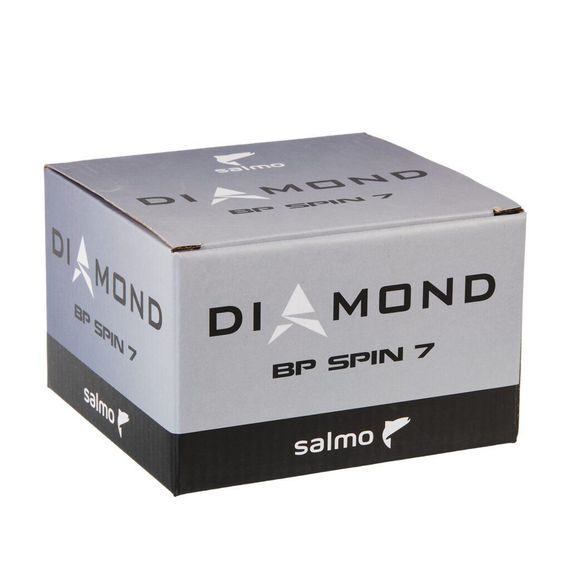 Котушка риболовна Salmo Салмо Diamond BP SPIN 7 4000FD | Зображення 7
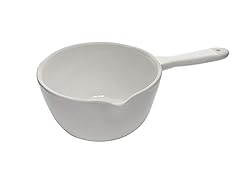 EISCO Caserole Crucible, 200ml - with Pouring Spout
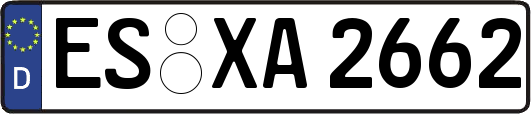 ES-XA2662
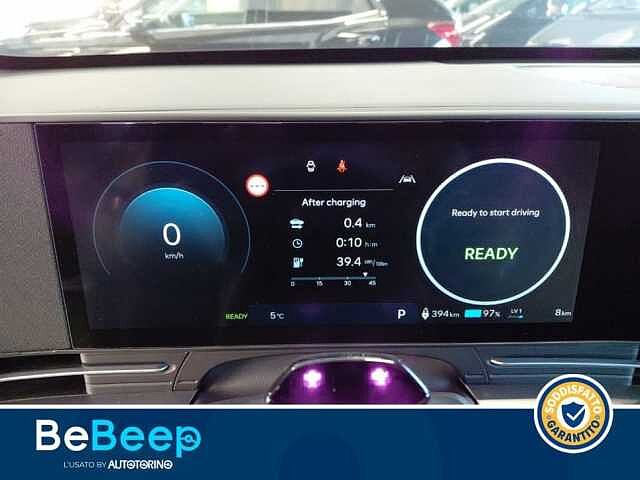 Hyundai KONA 64,8 KWH EXCLUSIVE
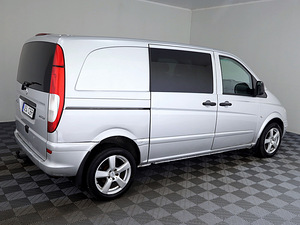 Mercedes-Benz Vito 115CDI ATM 2.1 CDI 110kW (3 foto / 8)
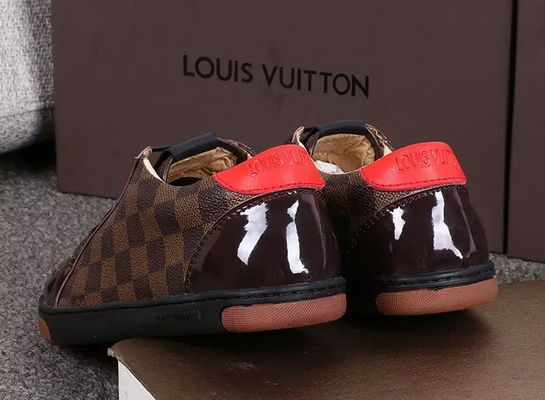 LV Fashion Casual Shoes Men--007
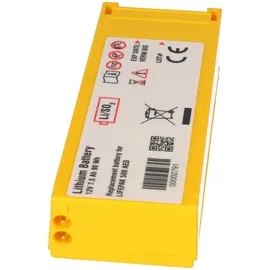 Lithiumbatterie für Physio Control Defibrillator Lifepak 500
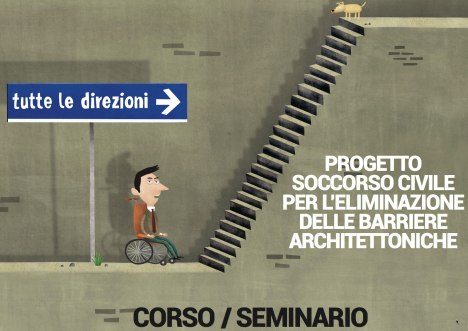 Barriere Architettoniche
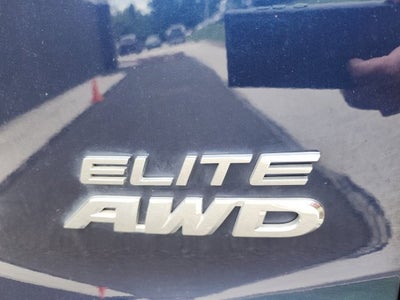2023 Honda Passport Elite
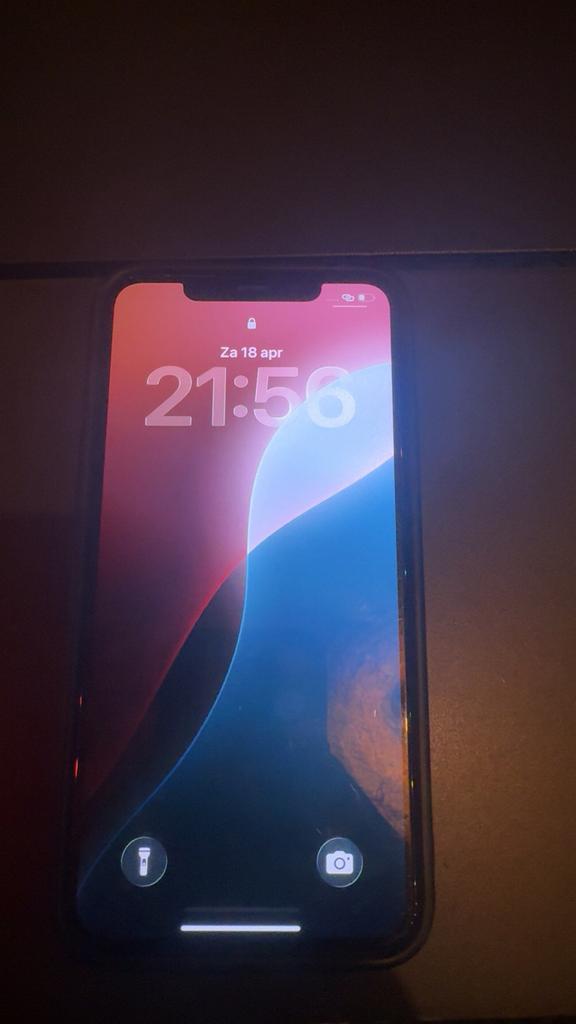 Iphone 11 pro max, Telecommunicatie, Mobiele telefoons | Apple iPhone, Ophalen, IPhone 11 Pro Max, Zo goed als nieuw, 64 GB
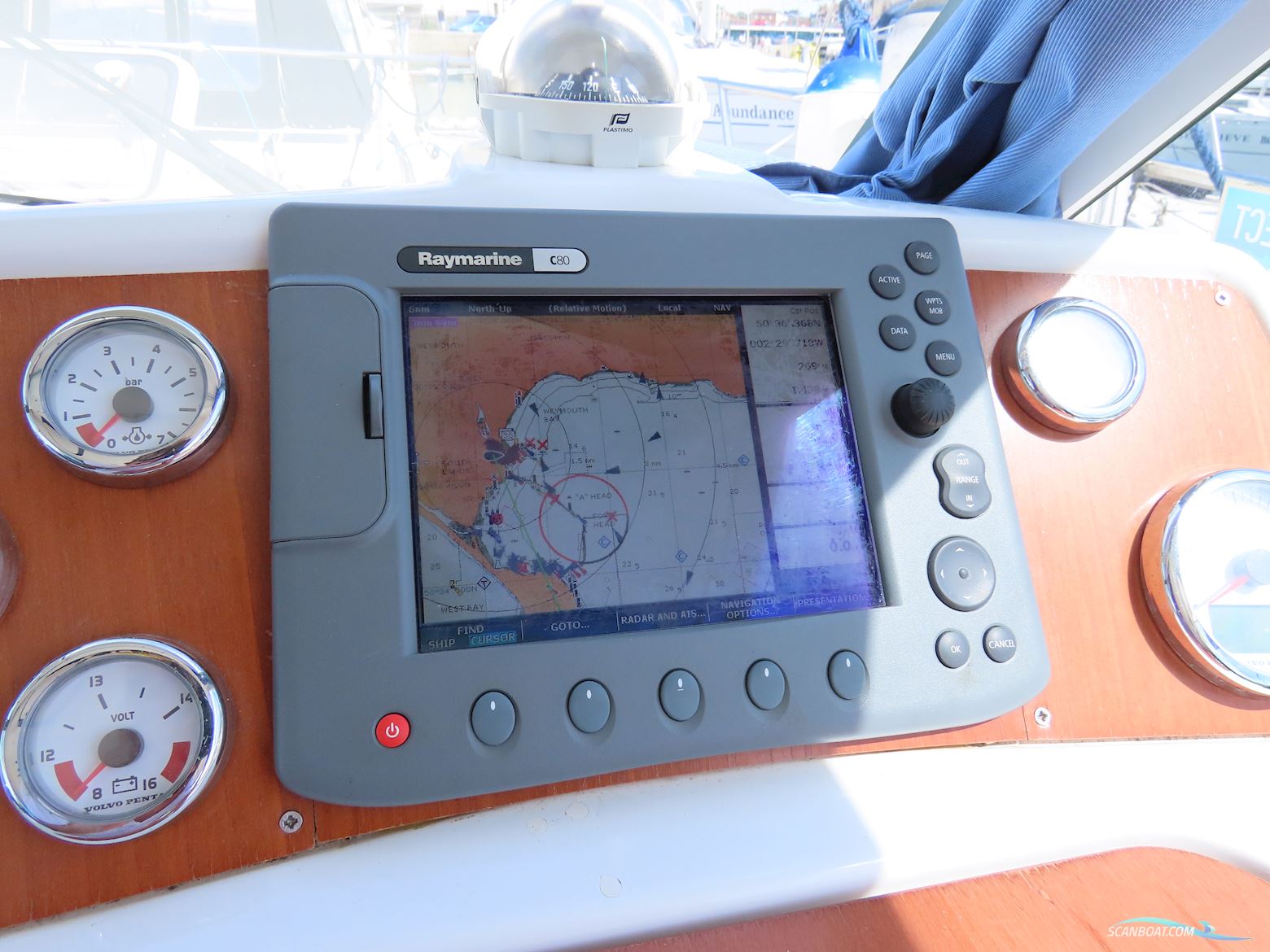 Beneteau Antares 9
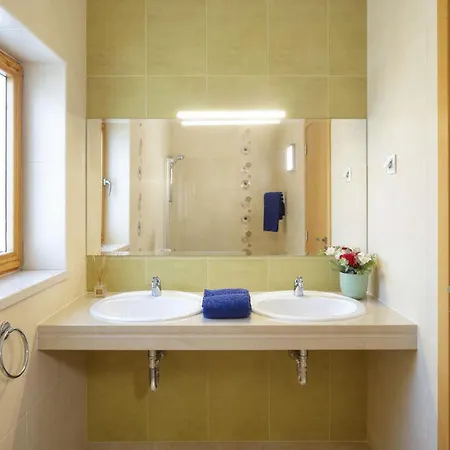 Apartamento Vila Moderna E Acolhedora Mathilda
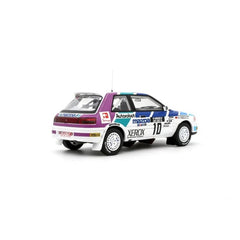Mazda 323 GTX Gr.A 1991 Rally 1000 Laghi Tommi Makinen - Seppo Harjanne 1:18 - 85200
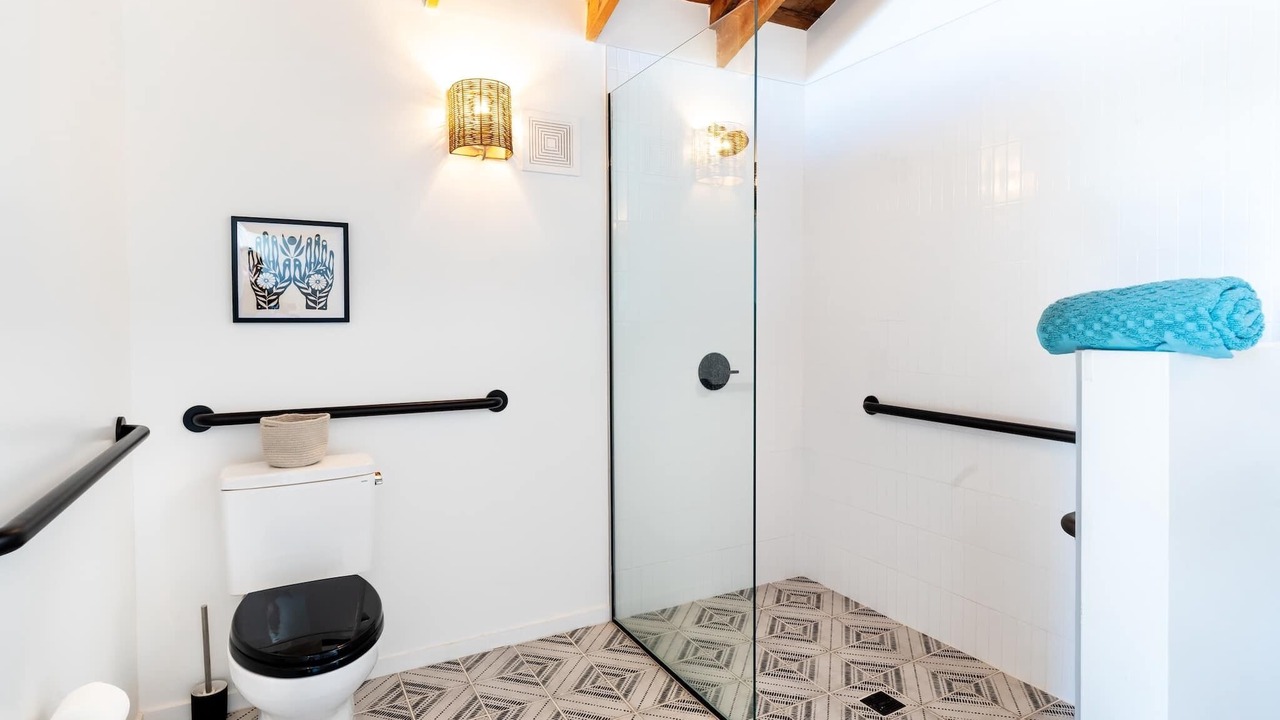 Photo of Bathroom in Yucca Valley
##########
### EXERCISE DESCRIPTION
Please set the records down again exactly as written. The pictures should not be included.

### RESULT BELOW
 Котушка риболовна Salmo Салмо Diamond BP SPIN 7 4000FD | Зображення 7
 EISCO Caserole Crucible, 200ml - with Pouring Spout
 ES-XA2662
 Hyundai KONA 64,8 KWH EXCLUSIVE
 Mercedes-Benz Vito 115CDI ATM 2.1 CDI 110kW (3 foto / 8)
 LV Fashion Casual Shoes Men--007
 Lithiumbatterie für Physio Control Defibrillator Lifepak 500
 Barriere Architettoniche
2023 Honda Passport Elite
 Iphone 11 pro max, Telecommunicatie, Mobiele telefoons | Apple iPhone, Ophalen, IPhone 11 Pro Max, Zo goed als nieuw, 64 GB
 Beneteau Antares 9
 Apartamento Vila Moderna E Acolhedora Mathilda
Mazda 323 GTX Gr.A 1991 Rally 1000 Laghi Tommi Makinen - Seppo Harjanne 1:18 - 85200
 Photo of Bathroom in Yucca Valley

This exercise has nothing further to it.